1. A method for training a unified example retrieval system for context learning, wherein the example retrieval system is used to provide examples for a task to be processed by a language model, characterized in that, Includes the following steps: Step S1: For each natural language processing task, given training samples (x, y) and a candidate set... Using the probability value of generating y as the scoring criterion, the language model is used to score each candidate sample in the candidate set, resulting in a score s(z) for each candidate sample. i Then, based on the scores of each candidate sample, they are reordered from highest to lowest. Step S2: After obtaining the reordered candidate set, the candidate set for different tasks is sampled using a probability distribution to obtain a training set. The example retrieval machine is then trained using the training set and a predetermined loss function. Step S3: After training the example retrieval tool for a predetermined number of steps, use the example retrieval tool to perform example retrieval on all samples in the training set. Score and sort the retrieved examples using the language model. The retrieved examples and the candidate set are used together as a new candidate set. Then, sample the new candidate set using the probability distribution to obtain a new training set. Continue training the example retrieval tool using the new training set and the loss function. After iterative training, the training of the example retrieval tool is completed.

2. The training method for a unified example retrieval system for context learning according to claim 1, characterized in that: in, In step S2, the candidate set for different tasks is sampled using a probability distribution, as shown in the following formula: In formula (1), T i For the i-th task, It is the i-th candidate set, and α is a predefined hyperparameter.
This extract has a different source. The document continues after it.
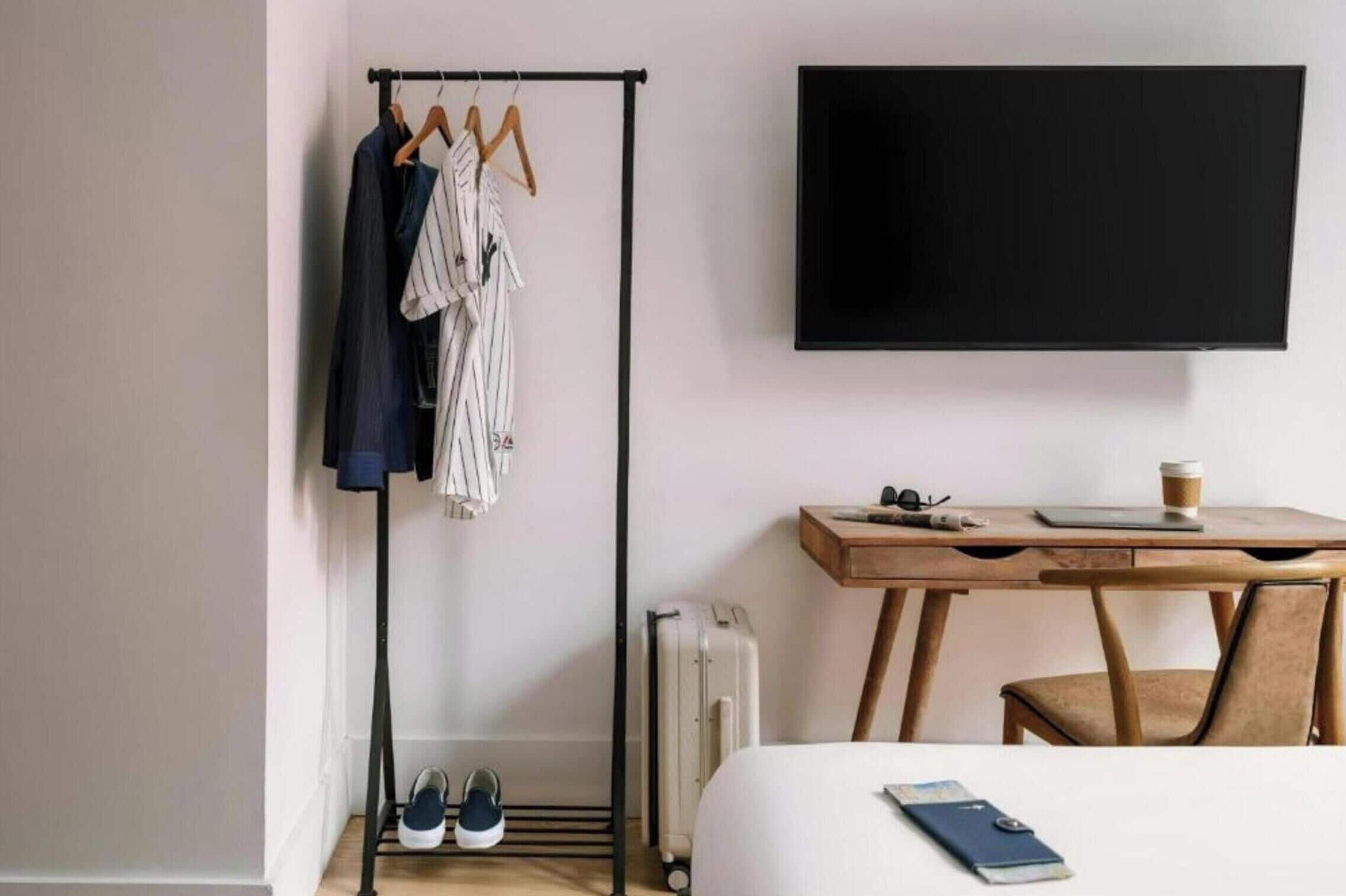 A hotel room with a bed, a desk with a chair, a TV, a coat rack with clothes, a radiator, and a pair of shoes.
3. The training method for a unified example retrieval system for context learning according to claim 1, characterized in that: in, In step S2, the loss function formula is as follows: L=λ*L rank +(1-λ)*L ib (2) In formula (2), λ is a predefined hyperparameter. In formula (3), sim(x,z) represents the similarity between x and z, calculated using cosine similarity. In formula (4), z * X is the candidate ranked first, and Z is the training set for the entire batch, including the training set of X and the training sets of other training samples in the batch.

4. A method for performing example retrieval using an example retrieval trained by the training method for a unified example retrieval retrieval retrieval accredited by claims 1-3, characterized in that, Includes the following steps: The example retrieval machine retrieves examples corresponding to the test input of the natural language processing task from the training set corresponding to the natural language processing task.